■ **WORK TO COMPLETE**:
Word for word, copy the listing below and leave out its images.

■ **INFORMATION PROVIDED**:
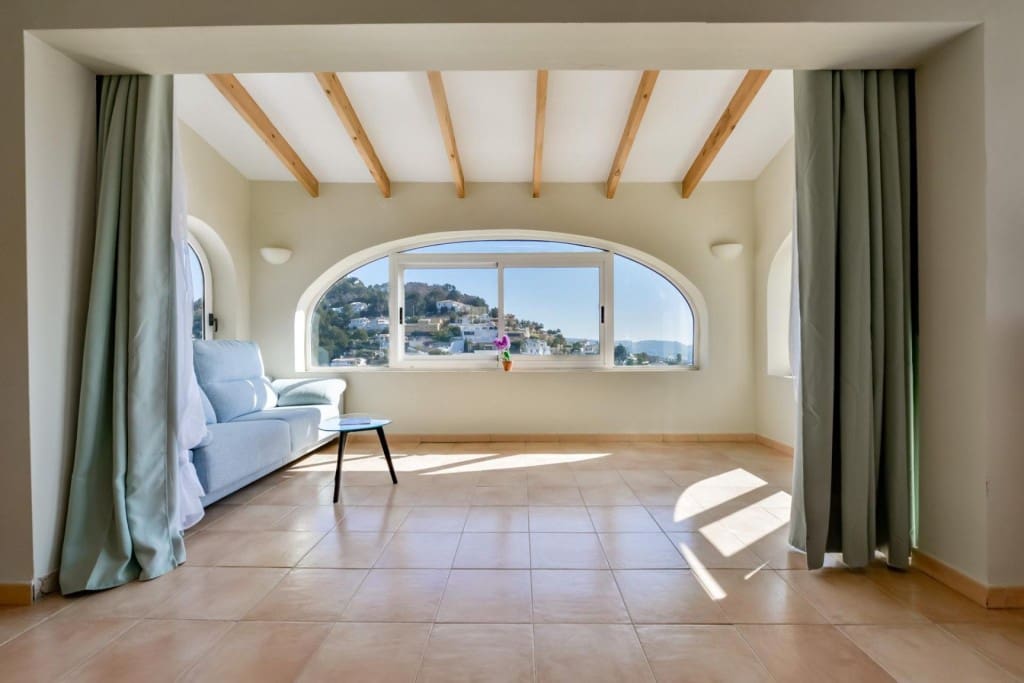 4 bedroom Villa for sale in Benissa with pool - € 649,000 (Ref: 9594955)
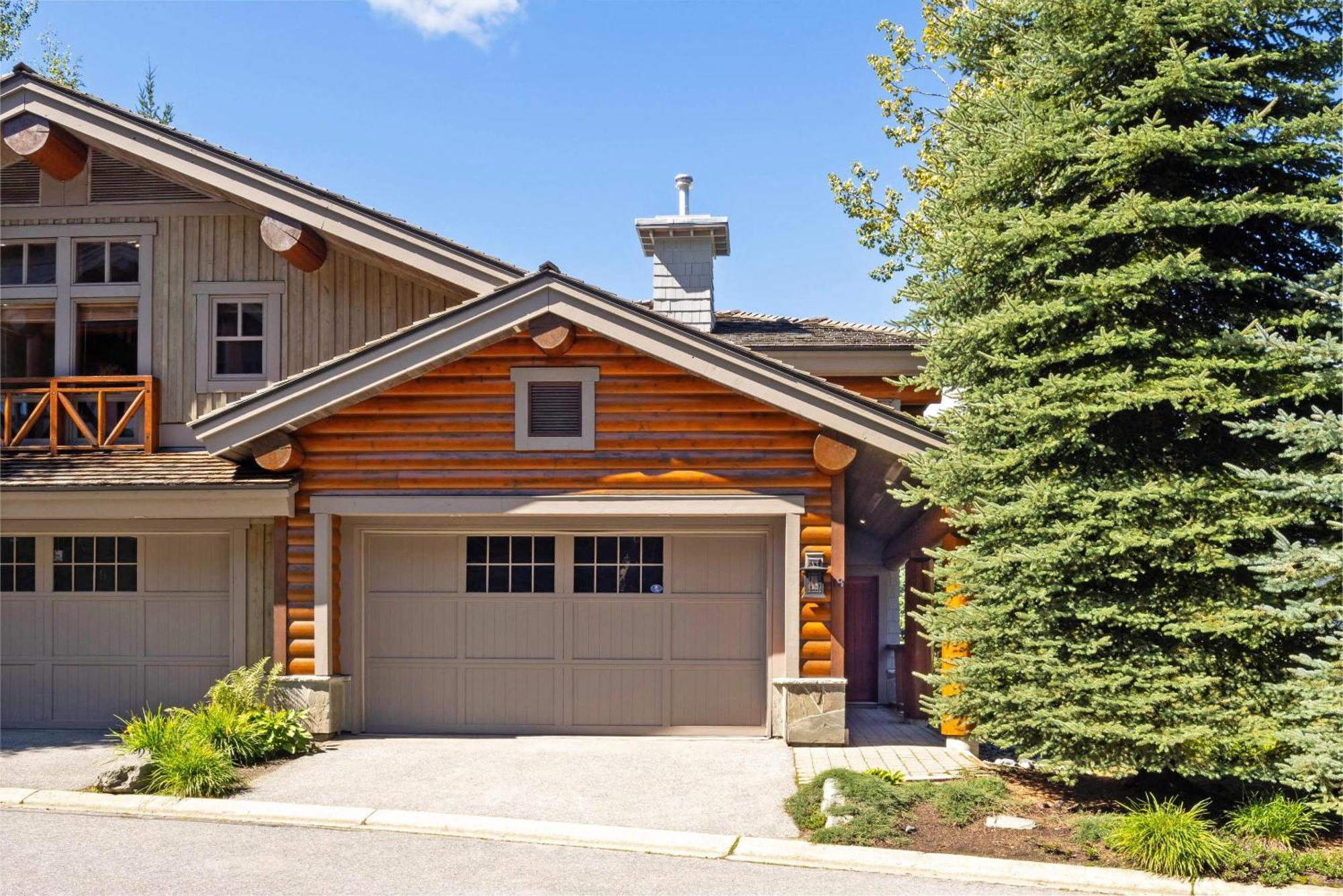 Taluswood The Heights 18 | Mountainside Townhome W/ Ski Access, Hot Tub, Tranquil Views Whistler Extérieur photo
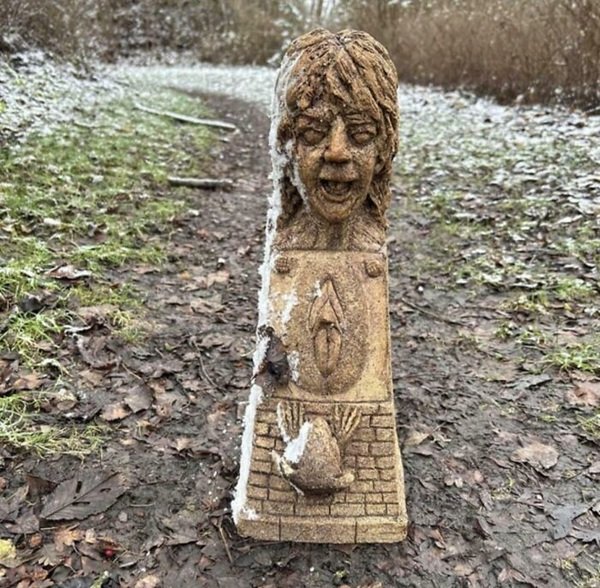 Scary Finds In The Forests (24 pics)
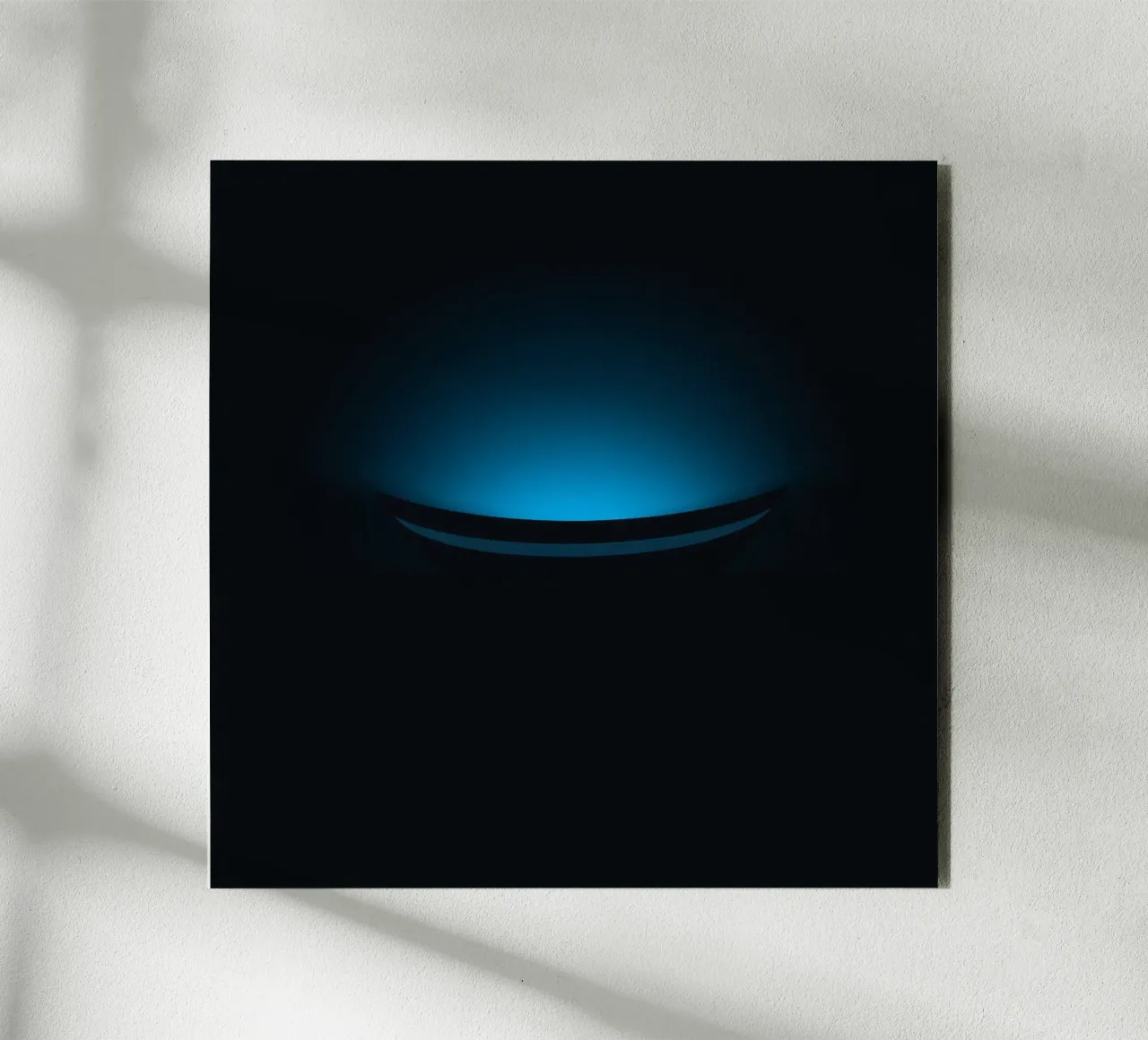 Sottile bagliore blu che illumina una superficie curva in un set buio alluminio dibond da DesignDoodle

■ **ANSWER FOR THIS EXERCISE**:
 4 bedroom Villa for sale in Benissa with pool - € 649,000 (Ref: 9594955)
 Taluswood The Heights 18 | Mountainside Townhome W/ Ski Access, Hot Tub, Tranquil Views Whistler Extérieur photo
 Scary Finds In The Forests (24 pics)
 Sottile bagliore blu che illumina una superficie curva in un set buio alluminio dibond da DesignDoodle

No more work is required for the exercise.